YOUR OBJECTIVE:
Everything from the line containing "Noboa denuncia que" down to the last line below should be set down exactly, and only that, without the pictures.
□ □ □
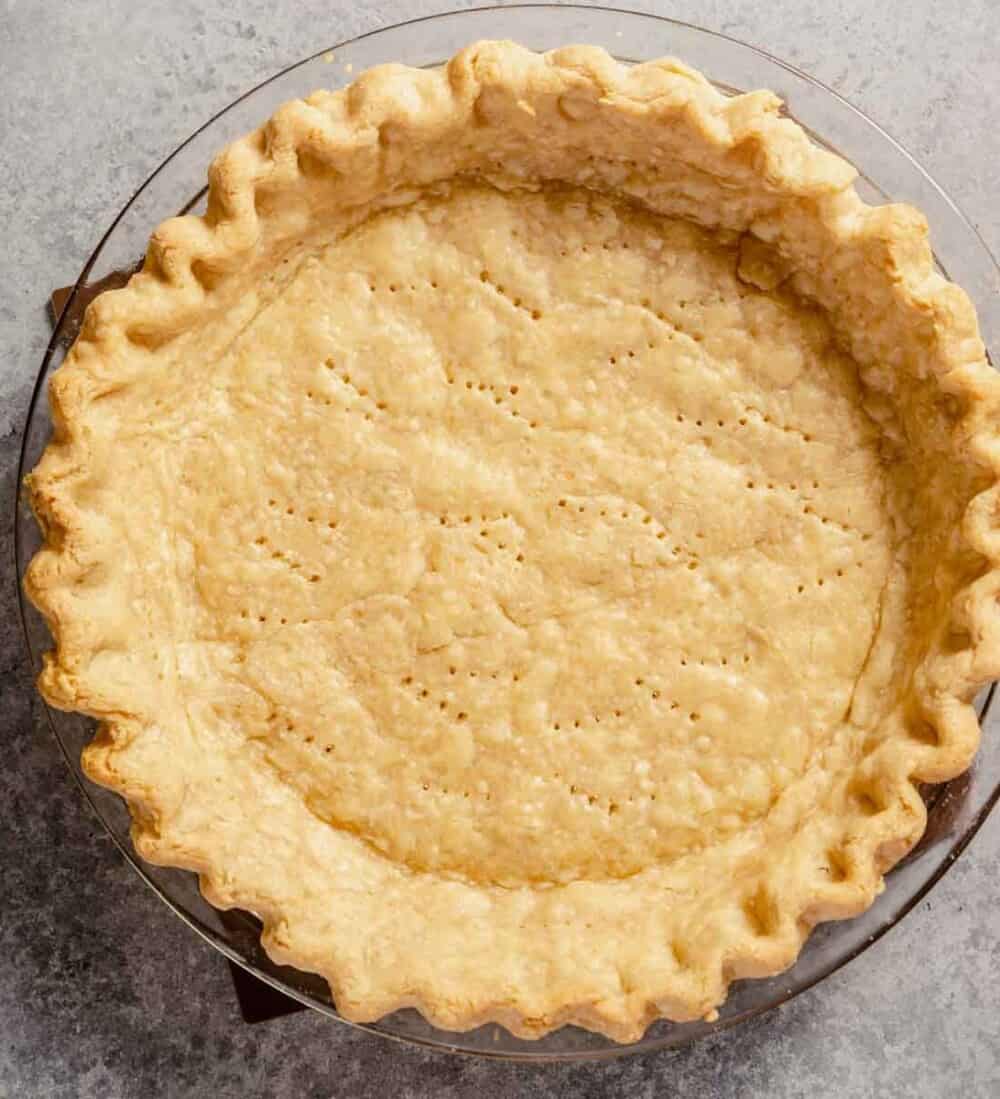 Flaky All Butter Whole Wheat Pie Crust — Zestful Kitchen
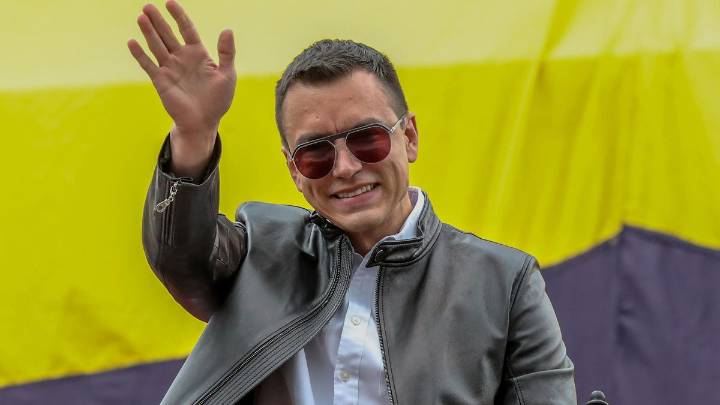 Noboa denuncia que ha sufrido otro presunto intento de asesinato
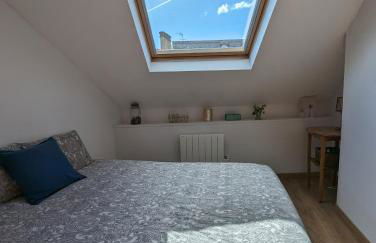 Lumineux appartement sous les toits à Pey Berland - Foto 32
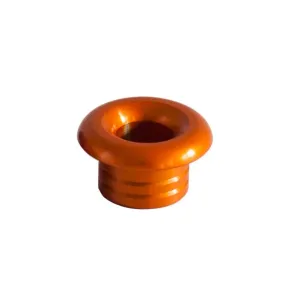 Allen Brothers 19mm Alloy Deck Bush - Orange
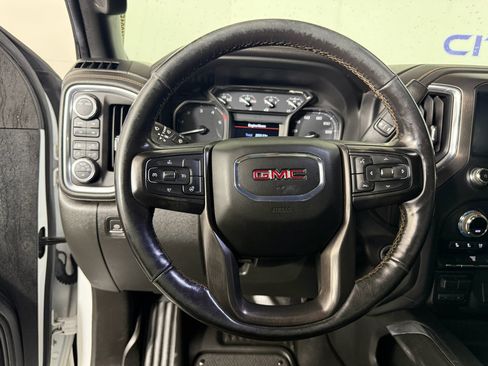 Used 2021 GMC Sierra 3500 AT4 w/ Gooseneck/5TH Wheel Package image 22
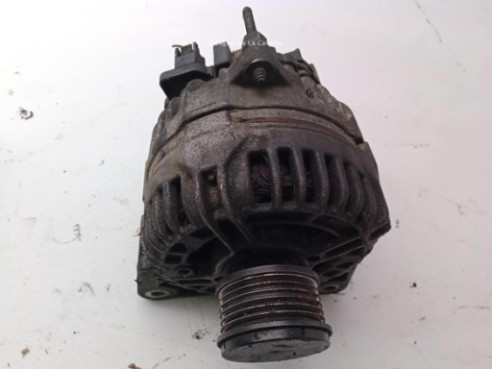 0124425037 ALTERNADOR RENAULT CLIO III (BR0/1, CR0/1)|Desguaces La Cabaña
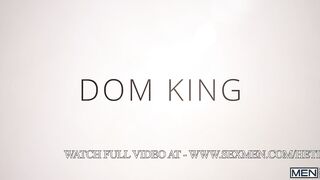 Cum Facial/ MEN / Joey Mills, Dom King, Big Dick Fig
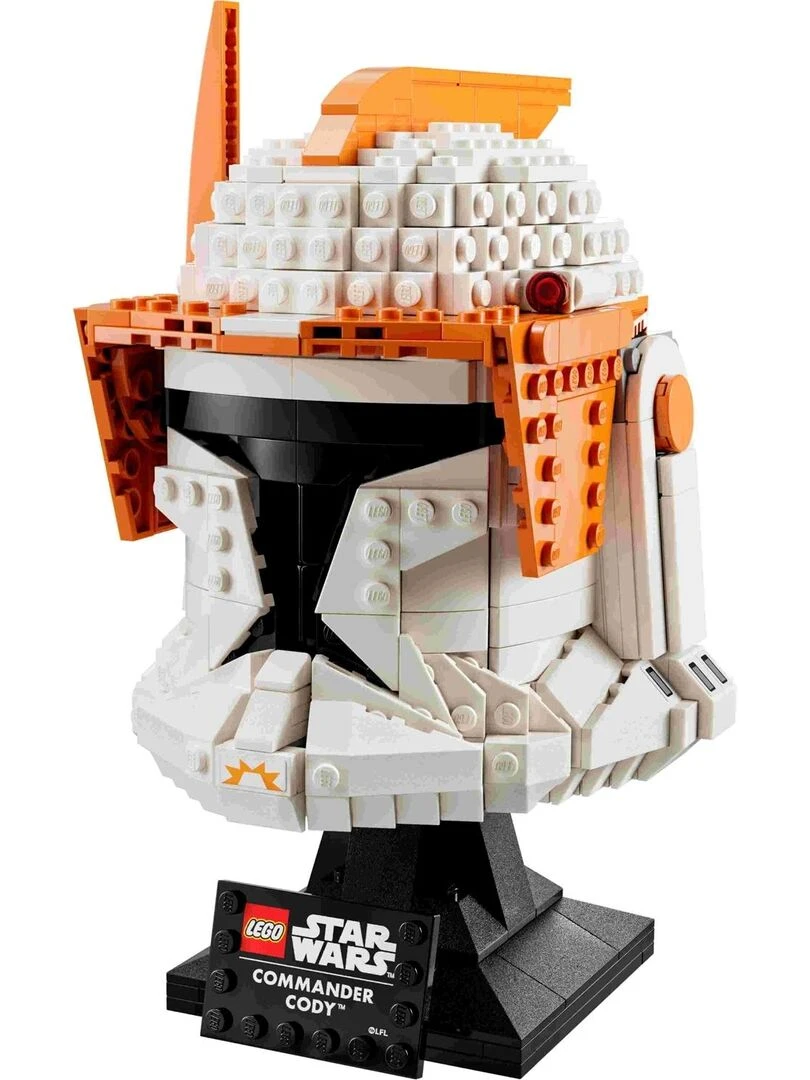 Star Wars Le casque du Commandant clone Cody™   N/A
□ □ □
SOLUTION FOR THIS TASK:
 Noboa denuncia que ha sufrido otro presunto intento de asesinato
 Lumineux appartement sous les toits à Pey Berland - Foto 32
 Allen Brothers 19mm Alloy Deck Bush - Orange
 Used 2021 GMC Sierra 3500 AT4 w/ Gooseneck/5TH Wheel Package image 22
 0124425037 ALTERNADOR RENAULT CLIO III (BR0/1, CR0/1)|Desguaces La Cabaña
 Cum Facial/ MEN / Joey Mills, Dom King, Big Dick Fig
 Star Wars Le casque du Commandant clone Cody™   N/A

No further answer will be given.